Dolor y gloria

    18 mar 2019 / 16:15 H.

    No, no espere quien lea este artículo una crítica a la próxima y aireada película de nuestro manchego más universal, el inefable Pedro Almodóvar. No pienso perderme el estreno del viernes 22, y ya habrá ocasión para ensalzarle (como hice en “Volver”) o expresar mi decepción (“Los amantes pasajeros”). La filmografía de Pedro es capaz de lo mejor y lo peor, de lo sublime y de lo insustancial, de la creatividad explosiva y del manierismo repetitivo... de lo genial y de lo insignificante. Veremos...

    Pero el título del filme a punto de estreno me viene de perlas cuando enhebro estas líneas. Como ocurre en la vida misma, en la personal y en la colectiva, todo aparece mezclado: la alegría y la tristeza, la euforia y el abatimiento. A veces de manera simultánea. O sin apenas transición entre uno y otro sentimiento. Ayer, noche de domingo, a las 21’15 horas, cayó el telón sobre mi último trabajo teatral, “Perdidos en Yónkers”. Y resulta difícil no mirarlo con tristeza, aunque los aplausos animen el patio de butacas. Pero hoy lunes 18 se abre una etapa diferente, desprovista de los ajetreos del ensayo, la incertidumbre de los estrenos (“Deberían prohibirlos”, espetaba un personaje almodovariano), o las oscilaciones azarosas de la taquilla. La perspectiva de unos cuantos años sin agenda teatral me resulta tan estimulante y festiva como el banquetazo de teatro y cine de mi último cuatrienio. Dolor y gloria a la vez, diría el autor de “Todo sobre mi madre”. La vida misma, siempre la misma vida.

    Al tiempo que tecleo una de mis últimas citas con los lectores de este periódico —previas a un amplio paréntesis—, se aúnan el dolor y la gloria en la más palpitante actualidad. Yo pensaba celebrar el despertar de la primavera hablando de la multitud adolescente que manifiesta su preocupación por el futuro, pero no me queda sino referirme, a la par, a la locura intransigente, al horror desatado contra quienes profesan una religión diferente. De un lado, la esperanza de ver cientos de miles, millones de jóvenes reclamando cordura y decisión a los poderes públicos, para salvar el planeta, con un liderazgo tan frágil y lúcido como el de Greta Thunberg. En la otra acera, el horror del extremismo supremacista, un remake criminal de la matanza de Utoiah, el eco lejano del racismo y la xenofobia, del Ku Kux Klan. Yo apunto más lejos: me suena a cercano, a terriblemente cercano, el eslogan del asesino neozelandés: “Los musulmanes nos invaden”. Intercambiable con discursos de quienes se consideran más españoles que nadie.

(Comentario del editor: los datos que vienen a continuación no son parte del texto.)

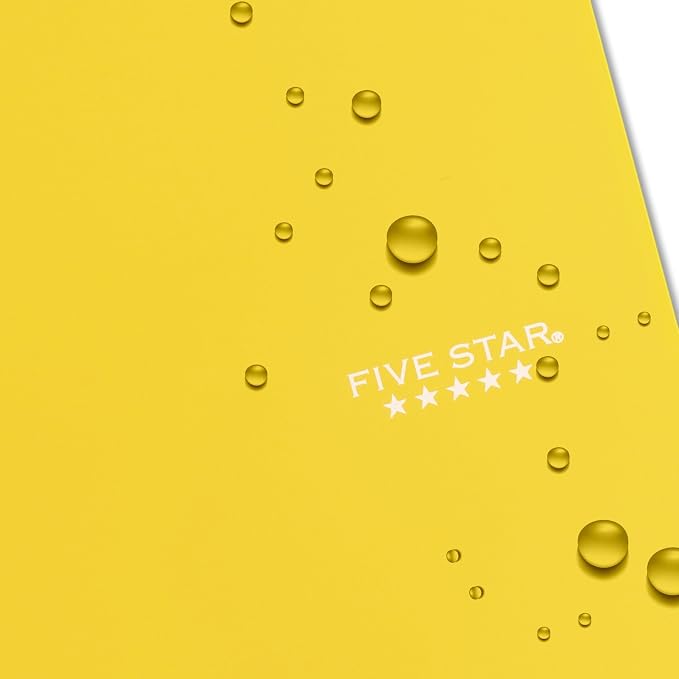 Five Star Spiral Notebook + Study App, 5 Subject, Wide Ruled Paper, 8" x 10-1/2", 200 Sheets, Fights Ink Bleed, Water Resistant Cover, Harvest Yellow (73469) (Pack of 6)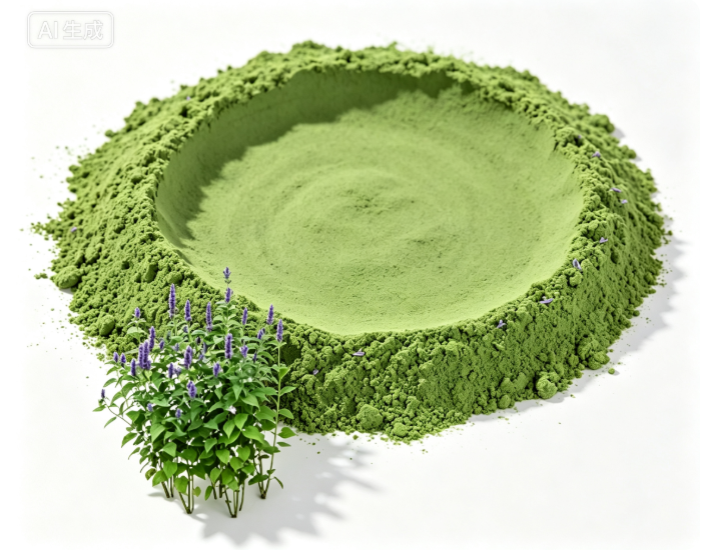 Alfalfa leaf extract fine powder macro photography Alfalfa leaf extract fine powder macro photography
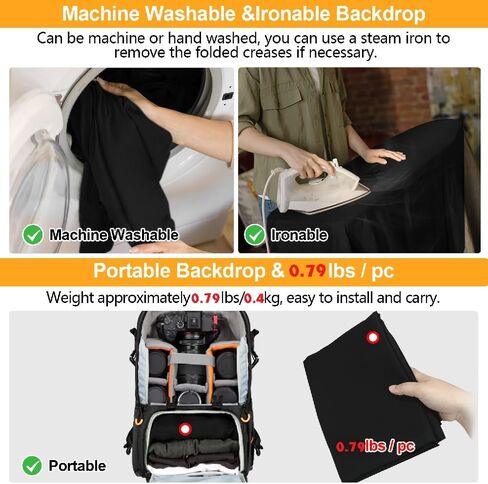 Black Background for Photography, Small Photo Backdrop 5x6.5ft Collapsible Curtain Backdrop, Portrait Black Back Drop for Photoshoot Photographic Studio Photo Backgrounds with Rod Pockets in Kuwait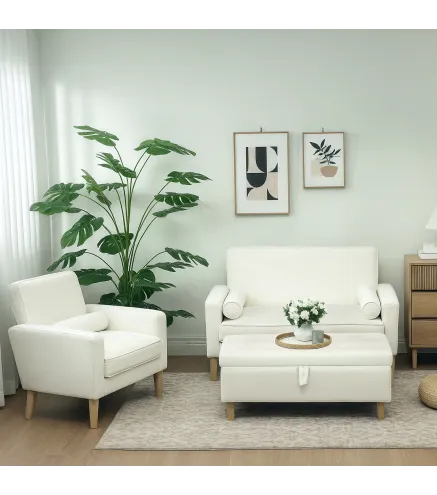 Banco de Almacenamiento Baúl Tapizado de Terciopelo con Patas de Madera Capacidad 71L 100x50x43 cm Blanco Crema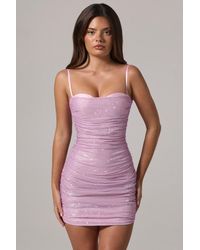 Oh Polly - Embellished Peekaboo Ruched Mini Dress - Lyst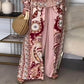 Verfijnde tweedelige outfit - top met etnische print & wijde pijpbroek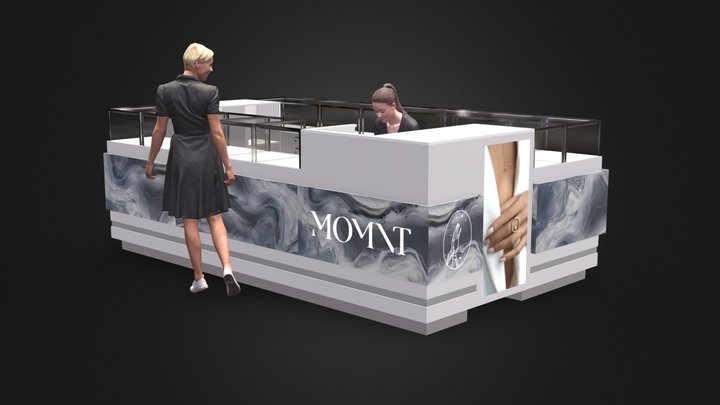 Торговый островок MOMNT. Jewelry mall kiosk 3D Model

    Medio centenar de muertos. Otros tantos heridos. Diecisiete minutos, diecisiete, emitidos en directo por facebook. ¿Es que nadie puede parar este desastre? No me refiero a la matanza, horrenda por sí misma. Hablo de la amplificación en redes, en vivo y en directo, con la inevitable “mitificación” de un joven “héroe” de 28 años. Del anonimato a la fama mundial en pocas horas. Viva expresión de la cultura del odio. ¿Estamos alimentando a los monstruos con esta riada incontenible de mil millones de horas de vídeos al día? ¿Quién puede “filtrar” con criterios humanitarios, sensibles y dignos semejante avalancha de egos desatados?

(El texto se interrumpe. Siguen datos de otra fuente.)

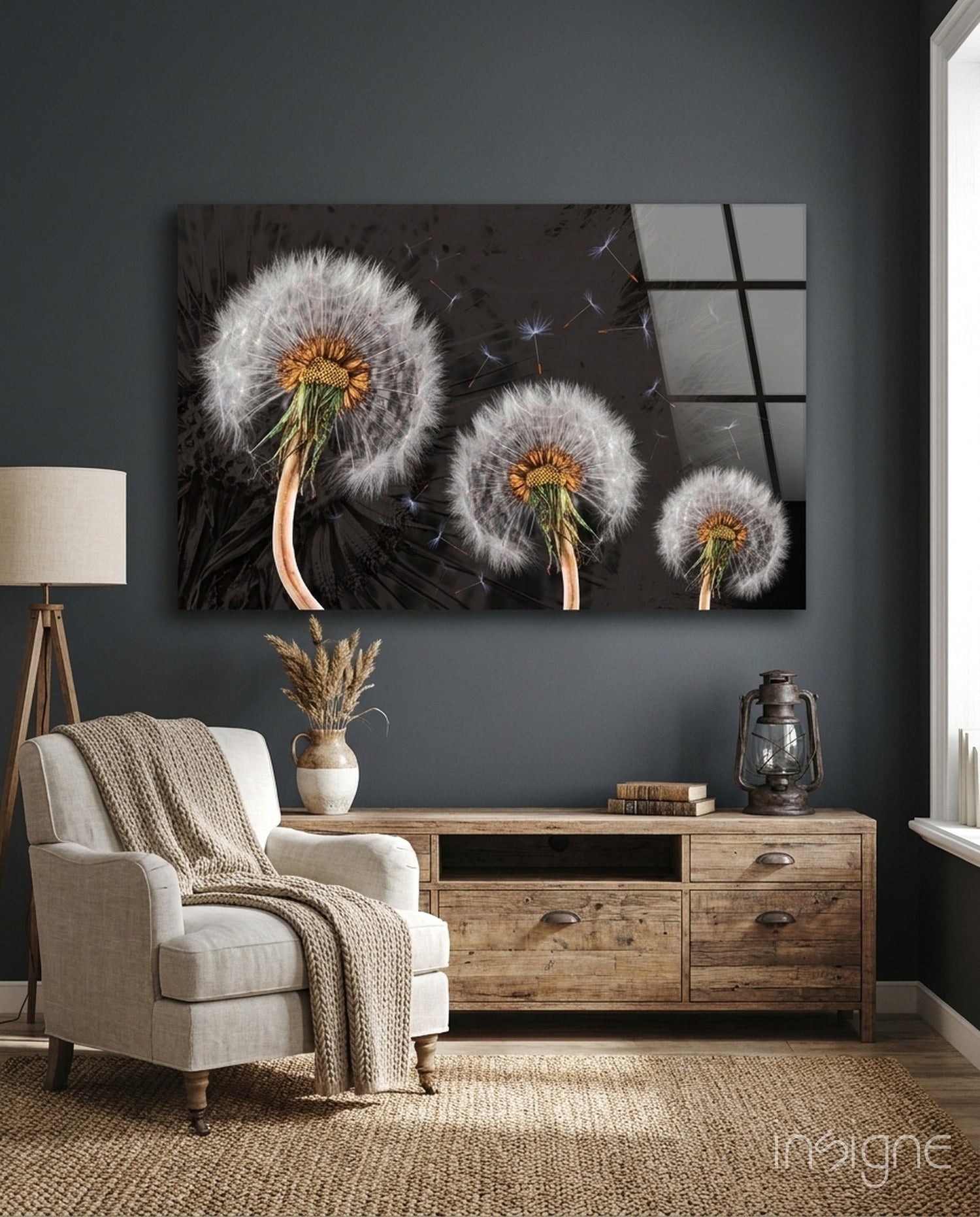 Three Dandelion Seed Heads on Charcoal Glass Wall Art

    Cambiar el planeta, cambiar el sistema, cambiar el mundo, gritaban 5.000 jóvenes ante nuestro Congreso de los Diputados el pasado viernes. En sus mentes anida la imagen de la destrucción: huracanes, incendios, deshielo, extinción de especies, plastificación de los mares, desertización creciente... Pretenden cambiar el modelo frente a los negacionistas del cambio climático, con Trump, Putin y sus émulos: Bolsonaro, Aznar, Salvini y compañía. Cuando los líderes se comportan como niños, los niños se convierten en líderes.

    Puede que Greta Thunberg sea Premio Nóbel de la Paz. Tal vez un día se haga realidad una pancarta frente al Dramaten de Estocolmo: “Greta for President”. Y yo aplaudiré desde mi rinconcito pealeño. Porque nadie como nuestros niños y jóvenes ha entendido que el cambio climático constituye un desafío global y crucial. Entre el dolor y la gloria, mejor quedarse con la esperanza. En la infancia y en la juventud.